ACTIVITY -> Beneath this instruction is a block of data; output from it exactly the lines that run from the one containing "Suspension is a" through the one containing "We can see just", inclusive.

DATA UNDER STUDY ->
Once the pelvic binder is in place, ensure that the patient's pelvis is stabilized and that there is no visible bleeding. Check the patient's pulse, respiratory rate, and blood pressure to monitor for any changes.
* * *
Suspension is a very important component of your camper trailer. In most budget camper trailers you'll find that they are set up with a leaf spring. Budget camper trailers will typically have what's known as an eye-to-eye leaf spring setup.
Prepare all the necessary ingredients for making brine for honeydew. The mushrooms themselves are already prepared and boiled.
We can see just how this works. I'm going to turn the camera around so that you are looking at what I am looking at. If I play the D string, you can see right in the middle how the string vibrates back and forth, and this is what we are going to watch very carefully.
==
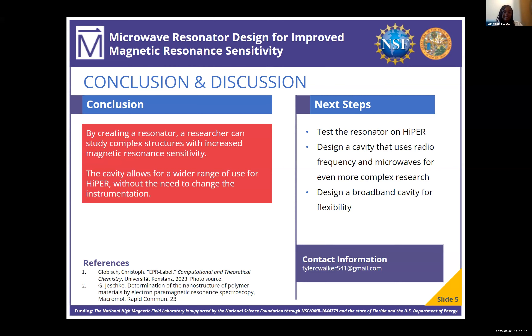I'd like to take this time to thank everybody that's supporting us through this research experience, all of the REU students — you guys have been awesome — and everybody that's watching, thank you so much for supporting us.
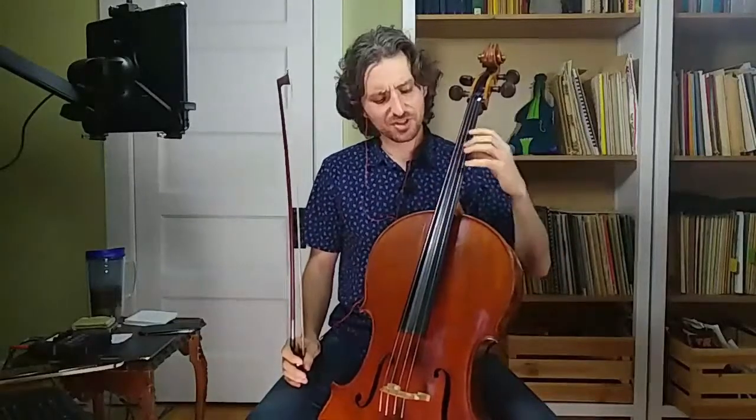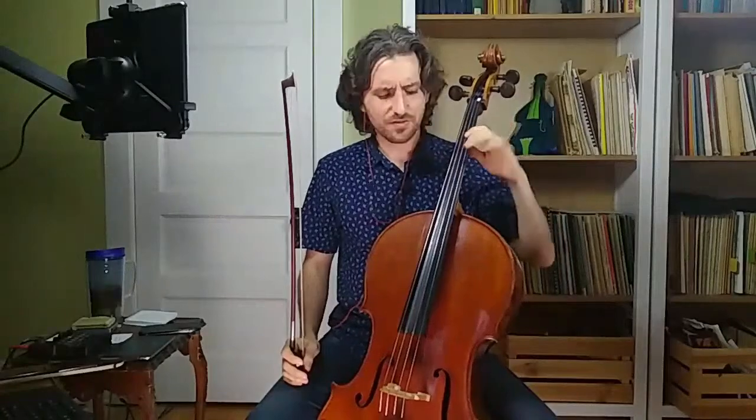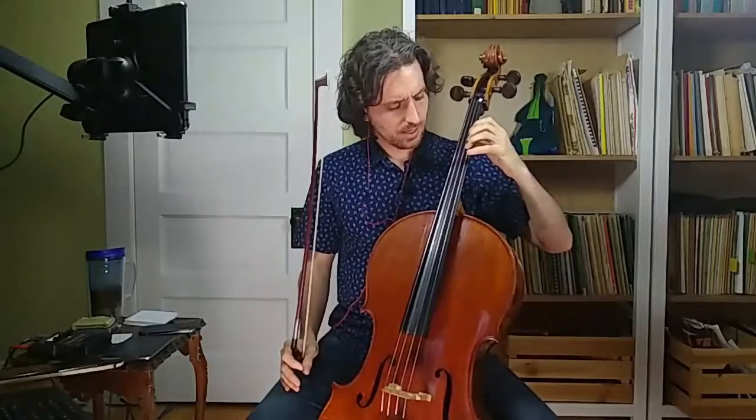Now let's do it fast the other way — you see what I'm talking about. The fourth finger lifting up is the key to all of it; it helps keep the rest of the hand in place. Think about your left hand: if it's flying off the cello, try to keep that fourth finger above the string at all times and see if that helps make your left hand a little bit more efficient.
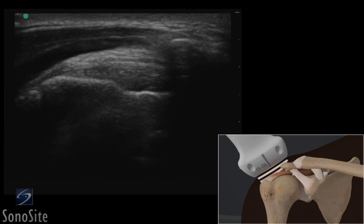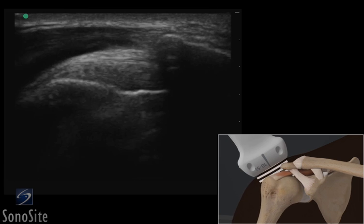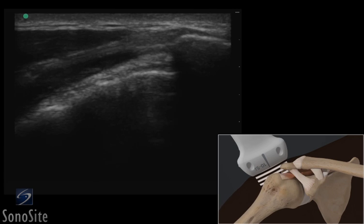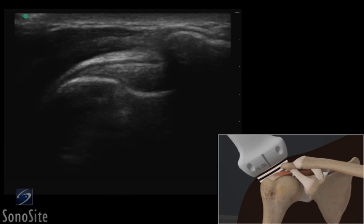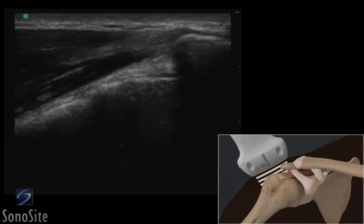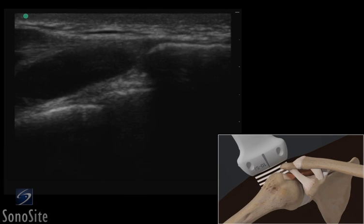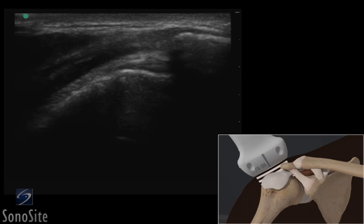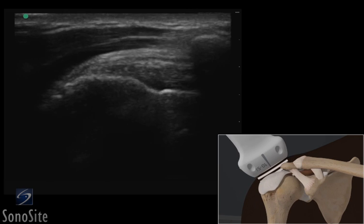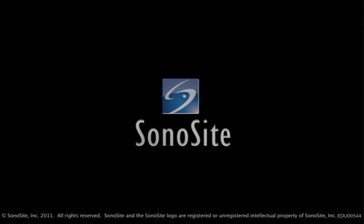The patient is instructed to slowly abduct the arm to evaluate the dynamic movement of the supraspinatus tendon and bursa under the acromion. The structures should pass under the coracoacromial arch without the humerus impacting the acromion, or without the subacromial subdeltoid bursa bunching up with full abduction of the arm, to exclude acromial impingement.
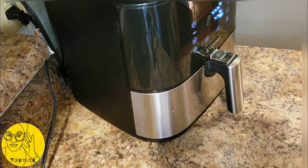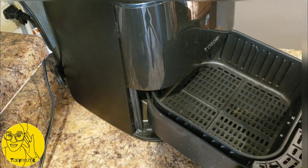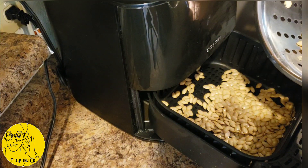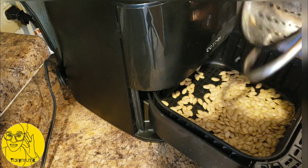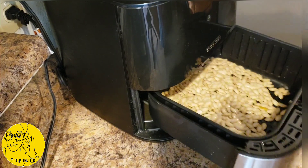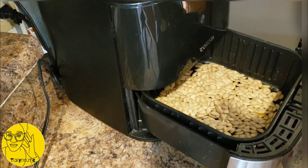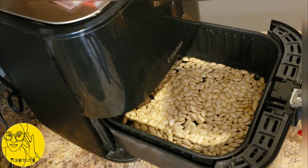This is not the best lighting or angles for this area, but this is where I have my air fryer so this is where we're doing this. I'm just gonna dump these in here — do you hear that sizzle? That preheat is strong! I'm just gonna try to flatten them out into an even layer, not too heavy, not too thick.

WRITTEN RESPONSE ->
Suspension is a very important component of your camper trailer. In most budget camper trailers you'll find that they are set up with a leaf spring. Budget camper trailers will typically have what's known as an eye-to-eye leaf spring setup.
Prepare all the necessary ingredients for making brine for honeydew. The mushrooms themselves are already prepared and boiled.
We can see just how this works. I'm going to turn the camera around so that you are looking at what I am looking at. If I play the D string, you can see right in the middle how the string vibrates back and forth, and this is what we are going to watch very carefully.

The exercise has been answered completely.